You could be forgiven for questioning whether you were watching a superhero show or Wes Anderson’s foray into television if you started watching The Umbrella Academy. It has all the hallmarks of the renowned director’s works. Symmetrical shots? Check. An excess of dysfunctional family drama? Check. Long montages put to popular music? Check, check and check. So…where’s the “superhero-ing”?
Based on a series of comics by My Chemical Romance frontman Gerard Way, Umbrella Academy follows the adoptive family of some child superheroes after they’ve all grown up and gone their separate ways. The father is a manipulative monster, and all have been left with deep emotional issues as a result of their experiences. Reunited by their father’s mysterious passing, the siblings are forced to work through their various issues, all the while attempting to stave off the impending apocalypse.
As suggested by the synopsis above, the series isn’t afraid to embrace the insanity of its source material. Time travel plays a key role in the plot. One of the main characters, Number 5 (Aidan Gallagher), is a 58 year old man in the body of an adolescent. Another, Klaus (Robert Sheehan) can talk to the dead, or at least he could if he wasn’t stoned out of his mind all the time. There are two assassins who go by the names Hazel (Cameron Britton) and Cha-Cha (Mary J. Blige). Yet this insanity separates it from the rest of the pack in terms of genre, and the Anderson aesthetic suits the oddness of the overall premise.
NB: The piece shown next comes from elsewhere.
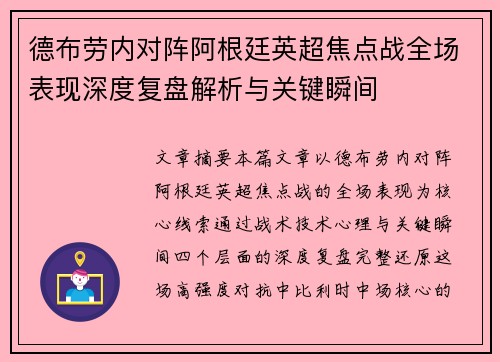 德布劳内对阵阿根廷英超焦点战全场表现深度复盘解析与关键瞬间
However all of this wouldn’t work if the audience did not empathise with the members of The Umbrella Academy. Luckily, showrunner Jeremy Slater has picked an immensely likeable cast, and given them excellent dialogue and character development to play with.Particular standouts are Sheehan, and Ellen Page as Vanya, the black sheep of the family. Every pairing combination provides drama and humour and equal measure. None of them are boring. Furthermore, it also manages that tricky balancing act of mixing a quirky, comedic tone with moments of pathos. Unlike so many other shows nowadays, The Umbrella Academy realises that not every emotion needs to be undercut with a joke.
Even moments that should be funny, if only because of their surreal nature, become genuinely touching, primarily due to the actors’ commitment to what could otherwise be very silly material. Admittedly, sometimes the budget can’t quite keep up with the ambition. Some of the costumes look a little like early era Doctor Who, and as the apocalypse looms closer and closer, the CGI begins to show some constraints. Yet it moves with such pace, and the characters are so thoroughly human that you can’t help but be invested in their story and where it takes them next.